ENCINITAS — The more than 100 banner artworks that line the street lampposts along Coast Highway 101 right around this time each year have come to reflect what it’s like to live here and quite possibly inspire those driving past them. This year, the Arts Alive banner project has also come to inspire a San Francisco neighborhood to begin its own version of hanging artwork.
As this year’s banners were unveiled on Saturday, Richard Kurylo, project manager with San Fransisco’s office of economic and workforce development, was on hand to learn all about the project, from the materials of the banners to the paints used.
Kurylo, who previously worked with the North Park MainStreet in San Diego, knew of the Encinitas art project well. The banner project, he said, was always in the back of his mind as something he wanted to do.
Undergoing revitalization for the past several years, Ingleside, a neighborhood about 7 miles from downtown San Francisco, will soon be bringing the program to its own street lampposts.
“I visualize this project emphasizing arts, culture and entertainment that would form the backbone of the revitalization for the eastside neighborhood,” Kurylo said.

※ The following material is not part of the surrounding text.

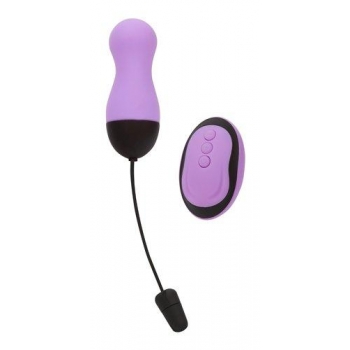 Powerbullet Remote Control Egg Purple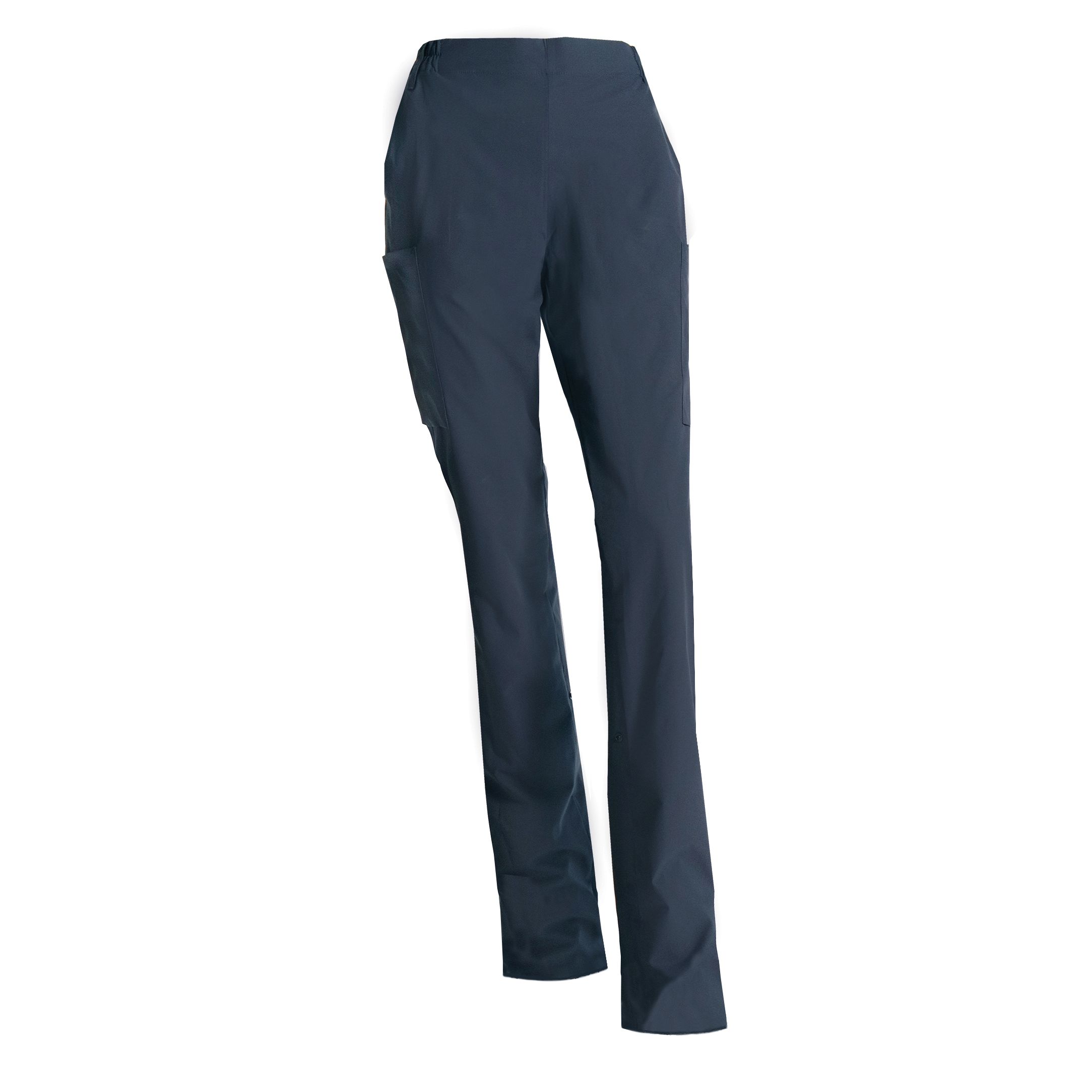 Nybo Navy Unisex Sporty T800 Byxor, Pull-on, Stretch, Justerbar Längd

Taking cues from Danny Salzhandler, president of the 101 Artists’ Colony, which helps to host the banner event, Kurylo said they’re basically copying the whole project — everything from the unveiling event to the auction and splitting the auction funds with the artists.
This year marks the event’s 16th year, which Salzhandler describes as an “art exhibit that goes (for) about 6 miles.”
Every year, a mixed bag of about 100 amateur and professional artists create original works, he explained, which are then displayed after the unveiling from La Costa Avenue down to the Cardiff Town Center.
Though the event isn’t sponsored by the city, Councilman Tony Kranz said the event brings an enthusiasm for the arts. “It’s just always been exciting to see all the energy around the beautiful paintings. It’s what I love about Encinitas,” he said.
“One of the things about Encinitas is that we’ve always had a rich group of artists, and the 101 lends itself to this sort of event,” Kranz said.
What Kranz said he’d like to see happen with the event in the future is to expand it to the El Camino Real corridor and to have more school kids get involved. “But we’re very fortunate, I think, to have the work here hanging on the light poles on the 101 corridor,” Kranz said.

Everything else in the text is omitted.